EXERCISE PROMPT = Start at the line in the entries below that contains "casa indipendente in vendita a Cetona", stop at the line that contains "223 E Craig Place San Antonio TX 78212", and output exactly the lines in that span, both ends included.
- Opening Delimiter -
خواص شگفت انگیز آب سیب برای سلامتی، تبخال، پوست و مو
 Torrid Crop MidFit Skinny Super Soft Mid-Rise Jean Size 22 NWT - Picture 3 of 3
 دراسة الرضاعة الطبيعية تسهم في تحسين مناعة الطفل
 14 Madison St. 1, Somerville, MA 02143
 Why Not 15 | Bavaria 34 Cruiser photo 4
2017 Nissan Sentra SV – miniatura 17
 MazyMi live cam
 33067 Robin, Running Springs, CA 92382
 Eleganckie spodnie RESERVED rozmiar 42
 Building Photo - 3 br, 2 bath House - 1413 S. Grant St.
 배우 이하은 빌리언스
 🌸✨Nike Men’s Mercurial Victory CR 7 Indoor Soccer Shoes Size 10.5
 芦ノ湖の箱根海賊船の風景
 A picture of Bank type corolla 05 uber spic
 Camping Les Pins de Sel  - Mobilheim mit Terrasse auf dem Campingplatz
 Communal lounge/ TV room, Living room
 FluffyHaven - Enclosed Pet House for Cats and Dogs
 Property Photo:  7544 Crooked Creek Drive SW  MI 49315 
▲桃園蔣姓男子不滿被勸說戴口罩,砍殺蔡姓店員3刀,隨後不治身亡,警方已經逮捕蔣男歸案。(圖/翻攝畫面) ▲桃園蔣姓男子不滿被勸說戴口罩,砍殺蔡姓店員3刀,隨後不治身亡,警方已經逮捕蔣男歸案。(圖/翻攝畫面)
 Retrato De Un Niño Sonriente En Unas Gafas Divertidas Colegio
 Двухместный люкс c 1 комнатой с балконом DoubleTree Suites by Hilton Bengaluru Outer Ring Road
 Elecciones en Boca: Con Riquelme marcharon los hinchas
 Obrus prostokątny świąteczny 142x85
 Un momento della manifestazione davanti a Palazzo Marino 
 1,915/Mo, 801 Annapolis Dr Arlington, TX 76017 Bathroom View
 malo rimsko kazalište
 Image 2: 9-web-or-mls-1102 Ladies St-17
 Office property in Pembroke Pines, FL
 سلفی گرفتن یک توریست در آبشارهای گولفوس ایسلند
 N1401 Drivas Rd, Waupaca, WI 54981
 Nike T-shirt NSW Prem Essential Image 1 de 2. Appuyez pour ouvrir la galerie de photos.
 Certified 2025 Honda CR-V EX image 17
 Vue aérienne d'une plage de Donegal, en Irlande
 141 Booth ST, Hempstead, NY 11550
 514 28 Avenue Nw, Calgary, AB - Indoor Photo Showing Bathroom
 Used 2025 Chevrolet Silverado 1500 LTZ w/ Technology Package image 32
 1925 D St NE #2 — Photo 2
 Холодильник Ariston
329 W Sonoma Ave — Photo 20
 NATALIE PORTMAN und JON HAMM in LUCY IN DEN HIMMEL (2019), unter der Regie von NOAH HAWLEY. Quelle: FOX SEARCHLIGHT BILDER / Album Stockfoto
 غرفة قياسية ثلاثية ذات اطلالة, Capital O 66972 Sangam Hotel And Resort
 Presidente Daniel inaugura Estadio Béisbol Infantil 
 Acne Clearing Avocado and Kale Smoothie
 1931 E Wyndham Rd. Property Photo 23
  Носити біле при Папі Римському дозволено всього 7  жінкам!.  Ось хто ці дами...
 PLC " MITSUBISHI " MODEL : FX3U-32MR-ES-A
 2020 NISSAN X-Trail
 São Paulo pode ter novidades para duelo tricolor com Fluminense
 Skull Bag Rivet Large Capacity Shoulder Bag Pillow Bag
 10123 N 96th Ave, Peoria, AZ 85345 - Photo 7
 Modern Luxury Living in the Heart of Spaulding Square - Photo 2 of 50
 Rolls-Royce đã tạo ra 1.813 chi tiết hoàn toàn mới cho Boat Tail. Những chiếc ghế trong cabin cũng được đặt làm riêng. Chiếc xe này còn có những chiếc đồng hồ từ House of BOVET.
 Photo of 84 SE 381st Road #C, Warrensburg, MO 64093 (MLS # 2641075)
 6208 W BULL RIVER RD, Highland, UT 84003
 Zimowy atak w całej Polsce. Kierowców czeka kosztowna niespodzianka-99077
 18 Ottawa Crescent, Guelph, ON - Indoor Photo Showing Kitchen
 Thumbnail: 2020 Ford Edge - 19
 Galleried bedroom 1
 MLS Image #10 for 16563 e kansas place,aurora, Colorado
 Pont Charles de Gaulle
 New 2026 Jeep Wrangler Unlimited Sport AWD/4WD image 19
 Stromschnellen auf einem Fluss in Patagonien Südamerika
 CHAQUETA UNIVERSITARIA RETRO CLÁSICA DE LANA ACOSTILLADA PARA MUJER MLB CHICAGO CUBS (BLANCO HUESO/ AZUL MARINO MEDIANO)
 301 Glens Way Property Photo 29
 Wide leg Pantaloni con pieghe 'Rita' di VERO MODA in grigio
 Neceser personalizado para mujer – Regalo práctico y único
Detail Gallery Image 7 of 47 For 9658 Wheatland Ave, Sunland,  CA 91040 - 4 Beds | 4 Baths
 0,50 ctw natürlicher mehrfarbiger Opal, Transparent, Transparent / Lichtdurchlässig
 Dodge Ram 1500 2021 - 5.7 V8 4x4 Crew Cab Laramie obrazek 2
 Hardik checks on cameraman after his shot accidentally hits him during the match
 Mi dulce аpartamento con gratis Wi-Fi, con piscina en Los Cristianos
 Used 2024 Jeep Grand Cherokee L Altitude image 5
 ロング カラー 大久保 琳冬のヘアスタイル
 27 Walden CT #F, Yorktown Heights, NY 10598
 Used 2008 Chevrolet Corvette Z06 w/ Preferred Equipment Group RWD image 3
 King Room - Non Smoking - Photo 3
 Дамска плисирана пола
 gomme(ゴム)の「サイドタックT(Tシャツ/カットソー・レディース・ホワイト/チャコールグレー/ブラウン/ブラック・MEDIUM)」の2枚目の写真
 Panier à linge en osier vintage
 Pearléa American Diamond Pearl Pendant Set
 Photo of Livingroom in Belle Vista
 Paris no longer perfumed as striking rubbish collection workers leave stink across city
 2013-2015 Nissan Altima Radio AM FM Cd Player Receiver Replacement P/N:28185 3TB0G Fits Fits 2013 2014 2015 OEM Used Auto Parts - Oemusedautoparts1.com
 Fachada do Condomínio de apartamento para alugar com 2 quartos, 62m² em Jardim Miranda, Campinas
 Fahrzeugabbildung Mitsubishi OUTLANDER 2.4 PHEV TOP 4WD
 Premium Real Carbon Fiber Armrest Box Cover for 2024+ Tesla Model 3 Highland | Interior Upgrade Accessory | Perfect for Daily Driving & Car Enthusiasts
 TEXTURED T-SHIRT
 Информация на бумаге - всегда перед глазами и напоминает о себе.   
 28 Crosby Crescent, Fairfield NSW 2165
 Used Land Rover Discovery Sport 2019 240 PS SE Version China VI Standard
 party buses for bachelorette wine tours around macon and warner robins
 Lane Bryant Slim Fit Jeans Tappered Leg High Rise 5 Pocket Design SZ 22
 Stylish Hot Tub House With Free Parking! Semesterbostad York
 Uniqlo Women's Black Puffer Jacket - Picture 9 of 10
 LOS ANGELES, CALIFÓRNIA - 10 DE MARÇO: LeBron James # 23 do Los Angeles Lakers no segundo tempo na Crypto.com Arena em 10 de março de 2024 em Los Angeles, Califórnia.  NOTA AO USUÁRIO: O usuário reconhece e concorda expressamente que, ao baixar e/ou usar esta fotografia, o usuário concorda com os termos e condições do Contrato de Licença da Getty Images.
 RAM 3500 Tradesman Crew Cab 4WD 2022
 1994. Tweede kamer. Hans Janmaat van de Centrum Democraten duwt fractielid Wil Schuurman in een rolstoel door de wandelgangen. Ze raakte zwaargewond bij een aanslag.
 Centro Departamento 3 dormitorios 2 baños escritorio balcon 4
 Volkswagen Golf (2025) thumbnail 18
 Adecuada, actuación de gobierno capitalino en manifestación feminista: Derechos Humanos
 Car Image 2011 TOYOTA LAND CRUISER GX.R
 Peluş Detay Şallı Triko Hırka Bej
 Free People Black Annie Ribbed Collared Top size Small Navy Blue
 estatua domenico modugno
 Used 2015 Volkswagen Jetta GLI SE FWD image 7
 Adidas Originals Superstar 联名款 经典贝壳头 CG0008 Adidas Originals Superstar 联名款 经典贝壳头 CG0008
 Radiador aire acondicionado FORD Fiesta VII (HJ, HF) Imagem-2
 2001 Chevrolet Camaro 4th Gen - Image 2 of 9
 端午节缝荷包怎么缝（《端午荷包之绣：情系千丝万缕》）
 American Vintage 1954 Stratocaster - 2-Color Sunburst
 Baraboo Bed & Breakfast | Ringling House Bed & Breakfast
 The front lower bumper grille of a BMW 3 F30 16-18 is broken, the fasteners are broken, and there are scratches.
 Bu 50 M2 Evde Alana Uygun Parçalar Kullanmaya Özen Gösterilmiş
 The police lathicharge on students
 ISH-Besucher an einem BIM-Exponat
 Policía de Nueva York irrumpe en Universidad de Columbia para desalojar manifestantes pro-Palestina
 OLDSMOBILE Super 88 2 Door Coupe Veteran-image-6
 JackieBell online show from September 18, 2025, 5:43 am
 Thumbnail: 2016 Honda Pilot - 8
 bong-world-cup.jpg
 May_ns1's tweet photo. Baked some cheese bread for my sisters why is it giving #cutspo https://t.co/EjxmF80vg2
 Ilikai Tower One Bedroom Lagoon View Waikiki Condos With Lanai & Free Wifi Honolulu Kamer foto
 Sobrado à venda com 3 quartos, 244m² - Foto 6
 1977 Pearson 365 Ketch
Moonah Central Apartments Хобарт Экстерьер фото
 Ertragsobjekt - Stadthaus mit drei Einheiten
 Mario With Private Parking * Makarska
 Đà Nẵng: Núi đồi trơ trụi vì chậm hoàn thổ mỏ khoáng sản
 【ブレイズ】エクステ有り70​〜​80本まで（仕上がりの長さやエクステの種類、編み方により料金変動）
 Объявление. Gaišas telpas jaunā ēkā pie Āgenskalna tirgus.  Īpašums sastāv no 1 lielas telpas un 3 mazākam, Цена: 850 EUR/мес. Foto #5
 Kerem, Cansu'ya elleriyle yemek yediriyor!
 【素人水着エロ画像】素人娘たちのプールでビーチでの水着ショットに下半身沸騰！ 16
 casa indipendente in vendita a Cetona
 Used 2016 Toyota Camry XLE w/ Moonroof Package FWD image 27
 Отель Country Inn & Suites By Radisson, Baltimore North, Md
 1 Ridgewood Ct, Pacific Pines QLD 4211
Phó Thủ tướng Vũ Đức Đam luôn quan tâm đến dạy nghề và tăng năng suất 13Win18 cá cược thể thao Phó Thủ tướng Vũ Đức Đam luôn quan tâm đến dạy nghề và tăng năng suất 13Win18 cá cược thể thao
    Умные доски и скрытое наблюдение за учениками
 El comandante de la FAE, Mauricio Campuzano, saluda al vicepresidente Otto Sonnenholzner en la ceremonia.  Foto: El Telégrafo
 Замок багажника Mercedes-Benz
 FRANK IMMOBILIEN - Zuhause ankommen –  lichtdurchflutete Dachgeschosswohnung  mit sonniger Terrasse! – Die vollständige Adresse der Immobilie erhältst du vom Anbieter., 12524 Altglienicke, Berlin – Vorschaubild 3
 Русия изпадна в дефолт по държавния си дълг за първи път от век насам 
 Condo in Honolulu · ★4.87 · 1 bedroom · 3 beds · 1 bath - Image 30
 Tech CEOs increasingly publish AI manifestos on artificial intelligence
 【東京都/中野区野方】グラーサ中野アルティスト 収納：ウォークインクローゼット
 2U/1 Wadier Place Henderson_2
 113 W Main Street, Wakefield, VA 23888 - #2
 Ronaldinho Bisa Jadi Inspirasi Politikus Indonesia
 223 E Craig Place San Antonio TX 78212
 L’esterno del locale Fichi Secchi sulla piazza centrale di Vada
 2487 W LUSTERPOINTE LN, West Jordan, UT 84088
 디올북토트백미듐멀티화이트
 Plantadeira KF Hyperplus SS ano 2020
- Closing Delimiter -
REPLY =
 casa indipendente in vendita a Cetona
 Used 2016 Toyota Camry XLE w/ Moonroof Package FWD image 27
 Отель Country Inn & Suites By Radisson, Baltimore North, Md
 1 Ridgewood Ct, Pacific Pines QLD 4211
Phó Thủ tướng Vũ Đức Đam luôn quan tâm đến dạy nghề và tăng năng suất 13Win18 cá cược thể thao Phó Thủ tướng Vũ Đức Đam luôn quan tâm đến dạy nghề và tăng năng suất 13Win18 cá cược thể thao
    Умные доски и скрытое наблюдение за учениками
 El comandante de la FAE, Mauricio Campuzano, saluda al vicepresidente Otto Sonnenholzner en la ceremonia.  Foto: El Telégrafo
 Замок багажника Mercedes-Benz
 FRANK IMMOBILIEN - Zuhause ankommen –  lichtdurchflutete Dachgeschosswohnung  mit sonniger Terrasse! – Die vollständige Adresse der Immobilie erhältst du vom Anbieter., 12524 Altglienicke, Berlin – Vorschaubild 3
 Русия изпадна в дефолт по държавния си дълг за първи път от век насам 
 Condo in Honolulu · ★4.87 · 1 bedroom · 3 beds · 1 bath - Image 30
 Tech CEOs increasingly publish AI manifestos on artificial intelligence
 【東京都/中野区野方】グラーサ中野アルティスト 収納：ウォークインクローゼット
 2U/1 Wadier Place Henderson_2
 113 W Main Street, Wakefield, VA 23888 - #2
 Ronaldinho Bisa Jadi Inspirasi Politikus Indonesia
 223 E Craig Place San Antonio TX 78212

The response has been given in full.